AT LAST year's Automotive News Europe Congress in Amsterdam, ZF Friedrichshafen Chairman Klaus Bleyer was asked when he thought ZF would become a quoted company. Like other leading German suppliers such as Bosch and Mahle, ZF is owned by a foundation - called Zeppelin Stiftung - which is largely controlled by the town of Friedrichsafen where ZF is based.
Bleyer's reply was that he thought most supplier chief executives who are tied to shareholder views and annual results envied his freedom to think and act long term.
ZF's ambitious plans for growth, and its plans to expand its module and systems capability, show why this freedom is important.
Most analysts say the development of systems and modules is crucial to the future of the supplier industry. Leading suppliers must deliver innovative and cheaper solutions for new vehicles, and save automakers cash and time.

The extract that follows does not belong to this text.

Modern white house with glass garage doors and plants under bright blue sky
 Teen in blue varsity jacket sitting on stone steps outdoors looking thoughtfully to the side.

But while this trend offers suppliers revenue growth, the benefits can take a long time to flow through to profits.
The move to modules requires a big investment for suppliers. They need new development and testing facilities, new production facilities near the assembly plant, and they need to learn new skills to manage Tier 2 suppliers and logistics operations.
And it's a competitive business.
Everyone is trying to win new module business - and become key systems suppliers to future generations of cars. The experience with modules built up by suppliers will be vital if they want to remain competitive in the future.
This means some suppliers are offering big savings to vehicle makers to ensure they are part of key programs - sometimes without even knowing how those savings will be achieved.
And the financial community is showing signs of impatience. Many investors don't see why they should wait for a stock to rise significantly. They want immediate returns on their investments.
All this means supplier chief executives face a dilemma - should they keep results strong in the short run, or invest in the longer-term future of the business?
At ZF, Bosch and Mahle, annual results seem to take second place to the long-term business strategy. They know there is no alternative to long term thinking if they want to thrive well into the next millennium.